Rep. Sheila Jackson Lee and racial harassment laws

Press coverage of Rep. Sheila Jackson Lee, D-Tex., usually focuses on her megalomania (“‘I am a queen, and I demand to be treated like a queen,’ Jackson-Lee once said”), her race-baiting (like claiming the Tea Party is an offshoot of the Ku Klux Klan, and that the government’s response to Hurricane Katrina was racist), and her amazing ignorance (like not knowing that astronauts landed on the Moon, not Mars; and not knowing what happened in the Vietnam War).

But being a race-baiting megalomaniac is no crime. 

It is against the law, however, to racially harass your employees.  And a recent story in Daily Caller suggests that many of her black employees could have viable racial-harassment claims against her.  (Yes, her black employees – the story, “Congressional Bosses from Hell: Sheila Jackson Lee,” suggests that for all her public race-baiting directed at whites, in her own office, she treats her fellow blacks worse than she treats members of other races).

To violate federal workplace harassment law, racial harassment must be either “severe” or “pervasive” enough to create a “hostile work environment.”  Jackson-Lee’s harassment was reportedly pervasive:

The Houston Democrat addressed one of her employees as ‘you stupid motherf***er.’  And not just once, but “constantly,” recalls the staffer, “like, all the time.”

Other employees described a pattern of “yelling,” “screaming and swearing.

The harassment was not just offensive, but humiliating:  A Jackson-Lee aide recounted an instance in which she was harassed by Jackson-Lee, “the time her parents came to Washington to visit: ‘They were really excited to come to the congressional office.

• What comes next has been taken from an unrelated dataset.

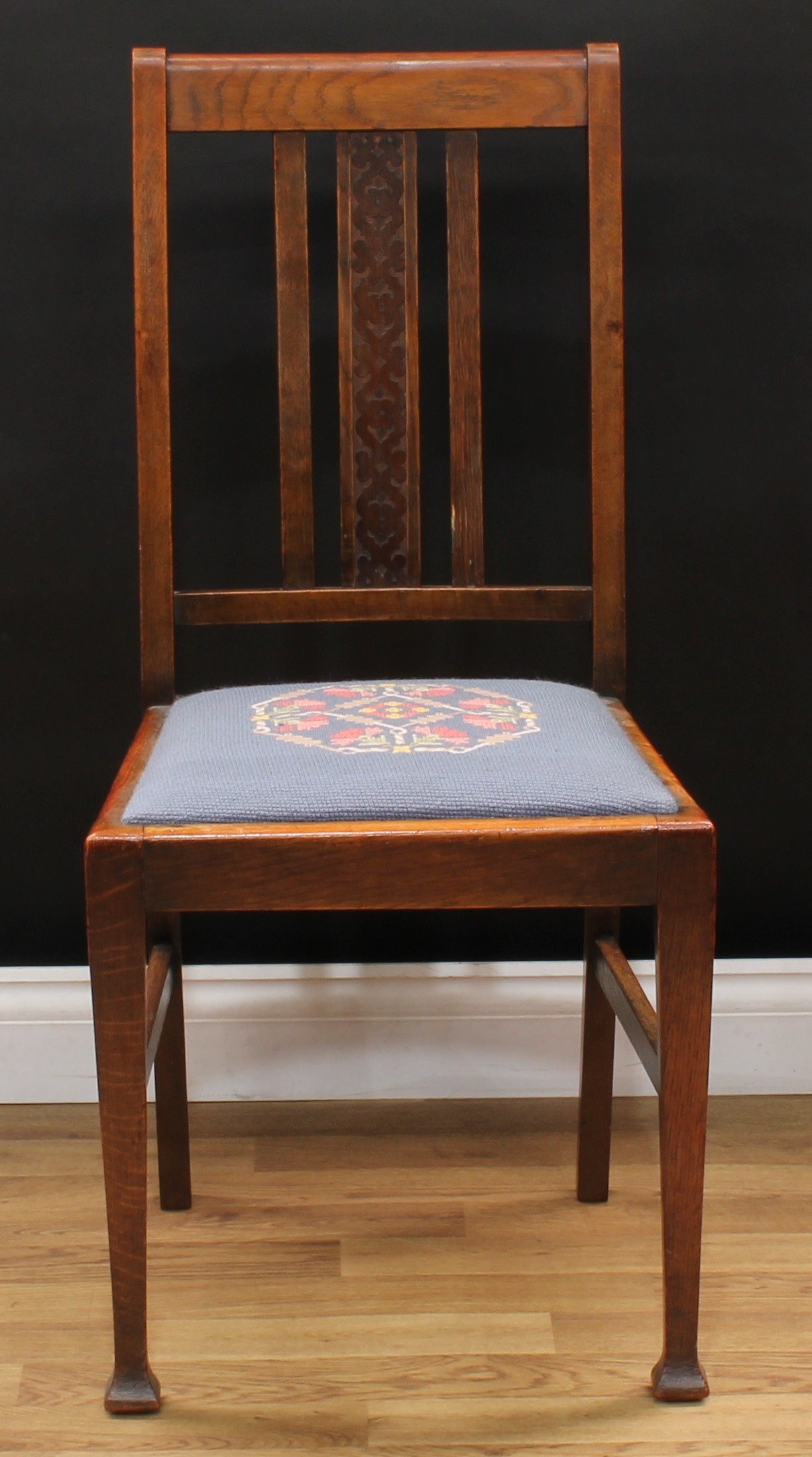 A 17th century style gateleg dining table, 73cm high, opening to 143cm wide, 99.5cm deep; a set of - Bild 6 aus 8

They’re small town people, so for them it was a huge deal. They were actually sitting in the main lobby waiting area….[Jackson Lee] came out screaming at me over a scheduling change. Called me a ‘stupid idiot. Don’t be a moron, you foolish girl’ and actually did this in front of my parents, of all things.’”

Jackson-Lee’s harassment altered her employees’ work environment, rendering it hostile and abusive.  On days in which Jackson-Lee was absent, “the sounds emanating from inside” her Congressional office were full of “pleasant laughter and conversation. ‘You could tell when she wasn’t there.’” But when Jackson-Lee was present in the office, “a different set of sounds often came through closed doors to Jackson Lee’s office: screaming and, many times, crying.” She forced employees to wait hours for her, hours after the end of the business day, forcing them to stay in the office until “two, three, four o’clock in the morning.”

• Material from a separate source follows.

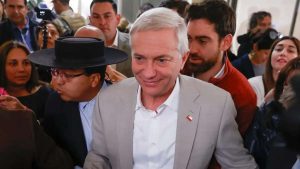 El pinochetista Kast gana la presidencia en Chile
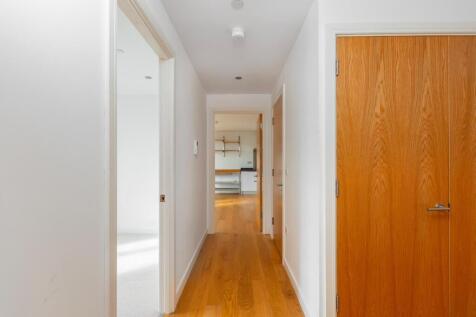 11N04OCC - Hallway A.jpg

She is reportedly “harder on black staff.” Black staffers lamented that she was “far harsher to the African Americans who work for her. ‘“You stupid mother-effer” was like a constant,’ says one,” uttered “‘all the time . . towards her African American staffers,’” whom “‘she felt comfortable enough’” around “‘to really curse out,’” unlike “‘other ethnic groups in the office.’”

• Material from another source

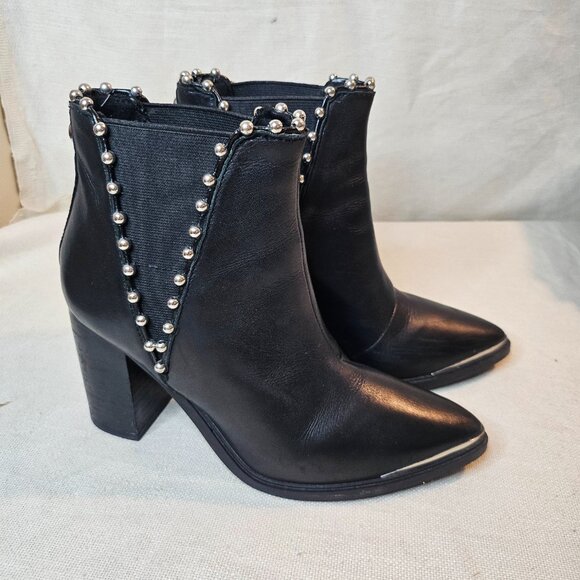 Steve Madden Cade Black Leather Studded Boots - Size 6 - Picture 3 of 8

The fact that she did not use the N-word or racist language does not mean her employees might not have a case against her for racial harassment.  Federal appeals court rulings like Aman v. Cort Furniture (1996) make clear that an employer who abuses employees based on their race can still be held liable for racial harassment even if the employer never uses any racist language.

Harassment need not cause physical or psychological injury to be actionable. But if it does cause such harm, that can become a factor in favor of liability, under the Supreme Court’s decision in Harris v. Forklift Systems (1993).  Jackson-Lee’s relentless harassment, one employee claimed, made that employee physically ill. “One staffer recalls a frank conversation with his doctor, who told him he needed to quit. “It’s your life or your job,” the doctor told him, warning that the stress and long hours were wreaking havoc on his body. 

If Jackson-Lee engaged in physically threatening behavior, like throwing a cell phone, that is another factor supporting liability under the Supreme Court’s Harris decision.

Discrimination and harassment by government officials violate not only civil-rights laws, but also, in some cases, the Constitution itself.  (See Davis v. Passman (1979)).